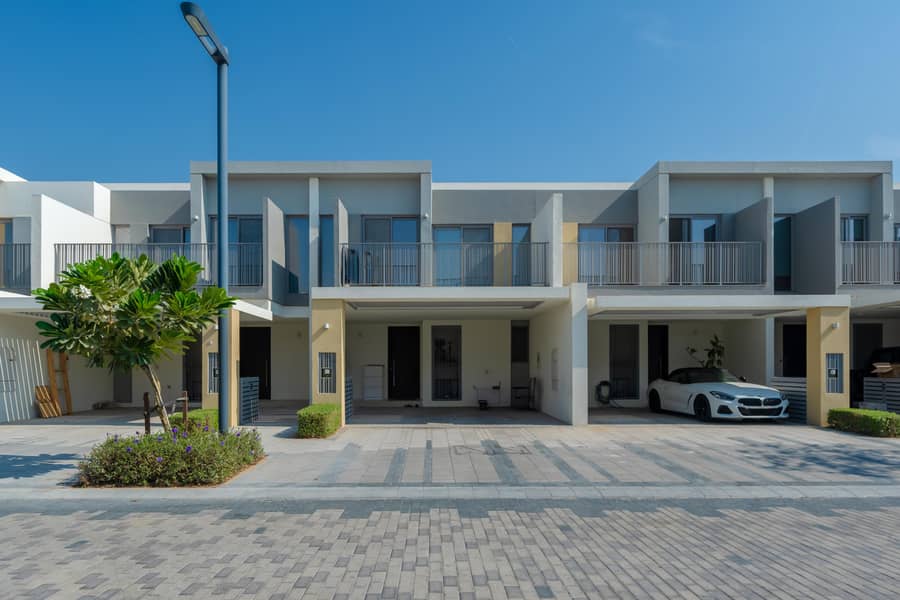 Single Row | Vacant Now | Near Pool Single Row | Vacant Now | Near Pool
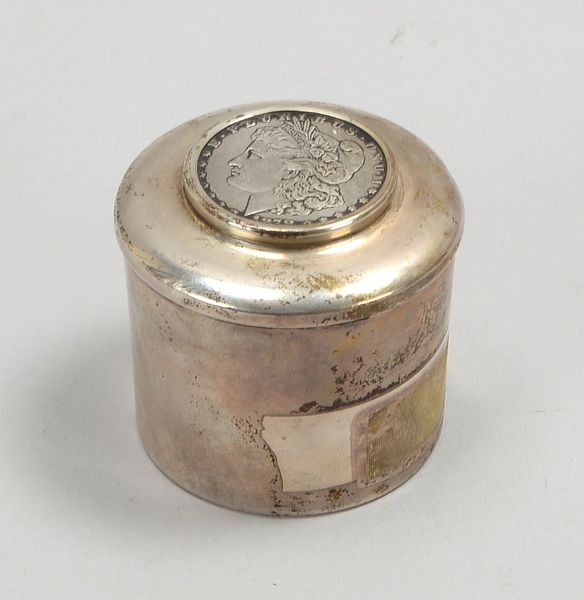 Cartier-Briefbeschwerer, 925 Silber, mit eingelassener Dollarmünze - Silber gef.; Gew. 395 g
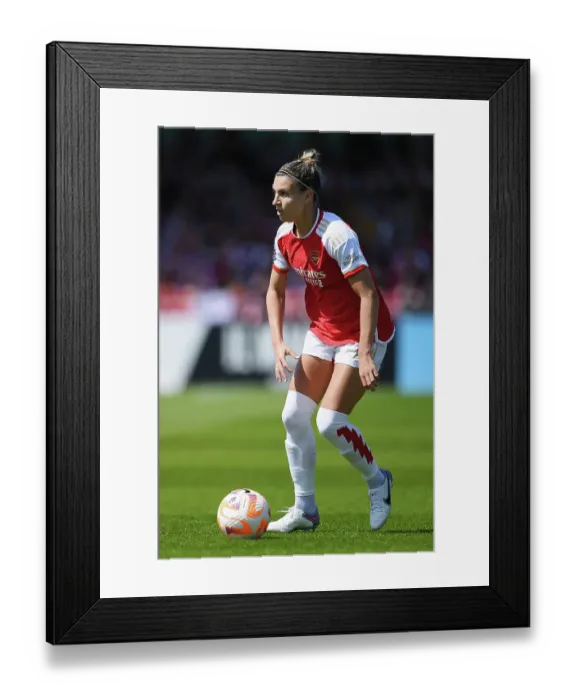 Framed Print : Arsenal Women vs. Aston Villa: Showdown in FA Women's Super League at Meadow Park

_ _ _ _

WHAT THE TASK ASKS: Please produce an exact copy of all the material, leaving out the pictures.

ANSWER SECTION:
 Single Row | Vacant Now | Near Pool Single Row | Vacant Now | Near Pool
 Cartier-Briefbeschwerer, 925 Silber, mit eingelassener Dollarmünze - Silber gef.; Gew. 395 g
 Framed Print : Arsenal Women vs. Aston Villa: Showdown in FA Women's Super League at Meadow Park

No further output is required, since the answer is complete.